Tuesday, October 18, 2011

First fire, and thoughts of months

Last night I laid the first fire of the season.  It was very cold - 40 F and dropping - and also wet.  Owain was chilly (he enjoys saying "shiver" and "chatter" while enacting what the verbs describe).  Much laundry needed to finish drying.  So I grabbed some wood and thought: April.

The end of a stack, in the basement.
April.
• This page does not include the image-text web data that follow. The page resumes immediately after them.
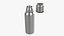 Thermos vacuum bottle flask 08
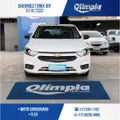 CHEVROLET ONIX 1.0 MPFI JOY 8V FLEX 4P MANUAL CHEVROLET ONIX 1.0 MPFI JOY 8V FLEX 4P MANUAL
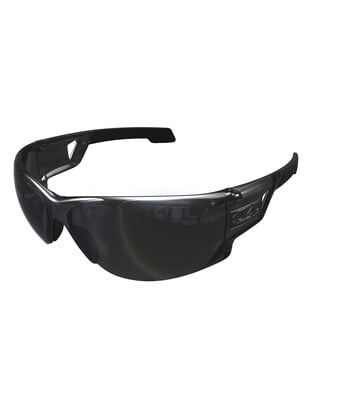 Mechanix Type N Γυαλιά Τακτικά, smoke frame, smoke lens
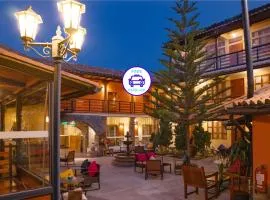 Union Hotel Cusco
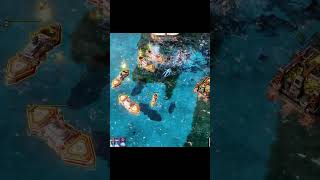 Rising Sun in Tech Shuffle MOD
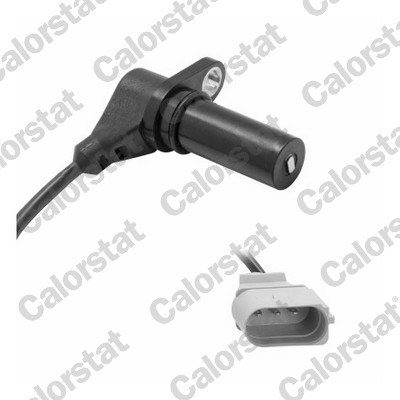 CALORSTAT BY VERNET Sensor, knastakselposition cs0327 for VW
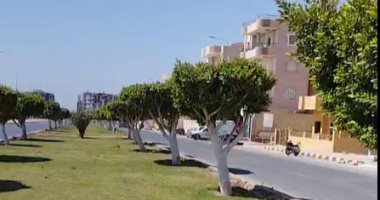 الأرصاد: ارتفاع درجات الحرارة على كافة الأنحاء.. والعظمى بالقاهرة 37 درجة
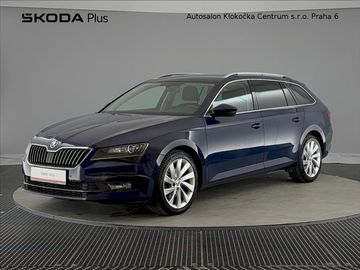 TDI110 kW 7DSG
These pieces of wood I set aside six months ago, at winter's end.  I had stacked them the previous year, in spring or summer 2010.  The wood around them was burned last winter.  These were left over, nicely dried by the winter's lack of humidity.  They dried further over the course of the following spring, summer, and autumn.  In my hands last night were bits of a winter's end.  The oak summoned up sounds of the little creek running, overfull with snowmelt runoff.  I remember the way my boots slipped and dug into April mud, that mini-season's freshly thawed, quickly drenched earth.

April in October: last night was the first step on a new winter's road, which leads all the way through next April.    Burning bark's crackle tells me of darkest December to come, of coldest January, of ice dragging tree limbs down to heaped snowpack.  This would I hauled inside a few months ago; the next stacks will be schlepped in over paths made of hard-packed snow, trenches maintained between looming drifts.

Lighting the fire last night, winter habits immediately came to mind and muscle: how far back to shove wood in the firebox, how often to scan the temperature gauge, how many layers of which materials to stack.  Memories of hanging wet laundry on the lines around the stove, and, up above, on a rack set in the kitchen.  These are muscle memories from a cold time, often built through exertion in the dark.

This morning the sun decided to rise in a clear sky, warming the surprised if grateful land.  So I let the fire burn itself out.  Soon I won't be able to.  Instead I'll be getting up 30 minutes earlier than usual, stomping down to the basement to stoke up the previous night's embers into something for warming my family.  I'll spin open the air inflow valves, remember not to touch hot iron with my unprotected skin, place carefully chosen dry bark over some of the embers, and coax the ruddy blackened wood bits into fire.  The children will eventually descend to our basement stove, shivering and chanting the anti-morning dirge of teenagers, warming themselves as near to the iron black box as they can.

For now it's not yet freezing.  It's October, but we hold April in our hands.